Now dont anyone take this wrong, I am not bashing RRR or wert-wert. I just trailed off into another topic. (I think Phils a great guy and spent alot of bucks on his cars).


----------



## jph49 (Nov 20, 2003)

ebay seller "wert-wert" is Phil's wife. He sent out a note to another list notifying us of his cars for sale. Apparently he isn't selling the finished cars on his website like he used to.


----------



## micyou03 (Apr 8, 2003)

She is certainly starting them at a low enough price. They are great looking cars, but I won't bid on private auctions.


----------



## JordanZ870 (Nov 25, 2004)

What is the deal now with private auctions and why is it a bad idea to bid on them?
Yeah, I am a bit slow on the up-take sometimes)


----------



## lenny (Feb 29, 2000)

joez870 said:


> What is the deal now with private auctions and why is it a bad idea to bid on them?
> Yeah, I am a bit slow on the up-take sometimes)

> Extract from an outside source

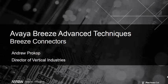Hi, and welcome to Part 2 of Advanced Avaya Breeze Techniques. My name is Andrew Prokof, and I work at Aero Systems Integration as a communications consultant and techno geek.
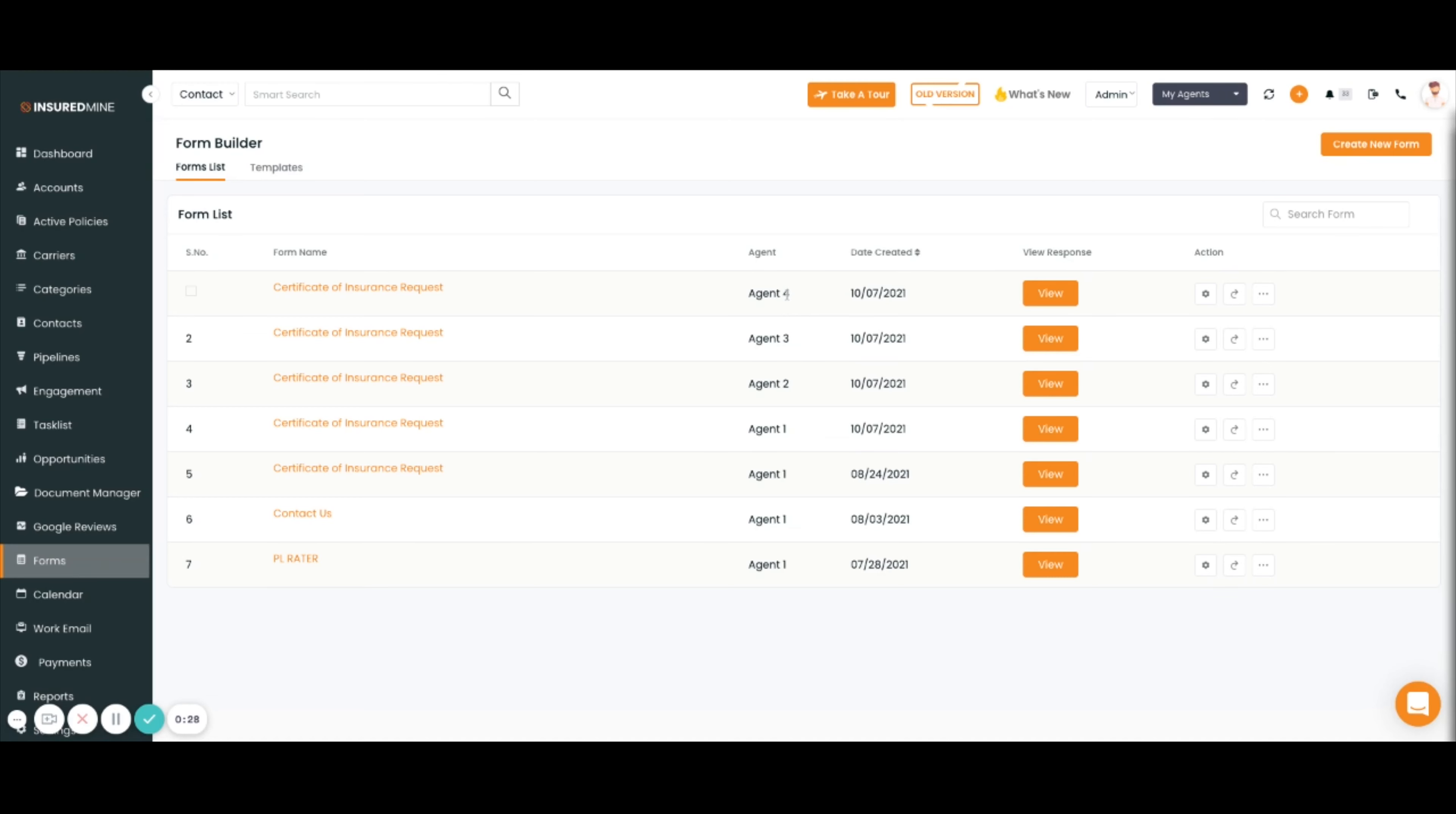From the admin view, you'll be able to see all of the forms and all of the form responses generated from each individual agent.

 As a buyer, you can't see who the other bidders are, or their bids. Some buyers believe it's a way for the seller to manipulate the auction without getting caught. Of course, if the auction is a BIN, that concern largely goes away. 

As a seller, it's a way to keep your bidders info private, which keeps other sellers who might be selling the same or similar item from emailing your bidders to sell to them.


----------



## lenny (Feb 29, 2000)

interesting...

 http://cgi.ebay.com/ws/eBayISAPI.dll?ViewItem&item=5991946211&rd=1&sspagename=STRK%3AMEWA%3AIT&rd=1 

reserve not met at $75.00...


----------



## vaBcHRog (Feb 19, 2003)

Phil from RRR has quite selling finished cars on his web site and the only place you will see them is ion ebay. Look for the prices of his finished cars to go up like the price of gasoline 

Wert-Wert is Phils wife. He sells his super modified kits for $48.00. add the chassis and you are at $58.00, and the wheels and tires and you are at $60.00 or more plus its a Chrome plated body that has been painted. he probably has a 90.00 -100.00 reserve on this one.

Roger Corrie


----------



## roadrner (Jul 21, 1999)

lenny said:


> interesting...
> 
> http://cgi.ebay.com/ws/eBayISAPI.dll?ViewItem&item=5991946211&rd=1&sspagename=STRK%3AMEWA%3AIT&rd=1
> 
> reserve not met at $75.00...


 
Sitting at $102.+ and reserve has been met. I'm sure the winner won't be disappointed. Definitely a display case queen.  rr


----------



## lenny (Feb 29, 2000)

roadrner said:


> Sitting at $102.+ and reserve has been met. I'm sure the winner won't be disappointed. Definitely a display case queen.  rr


 closed at $177.50...


----------



## car guy (Nov 22, 2003)

lenny said:


> closed at $177.50...



I saw this auction earlier while surfing, all I can say is "WOW!!!".


----------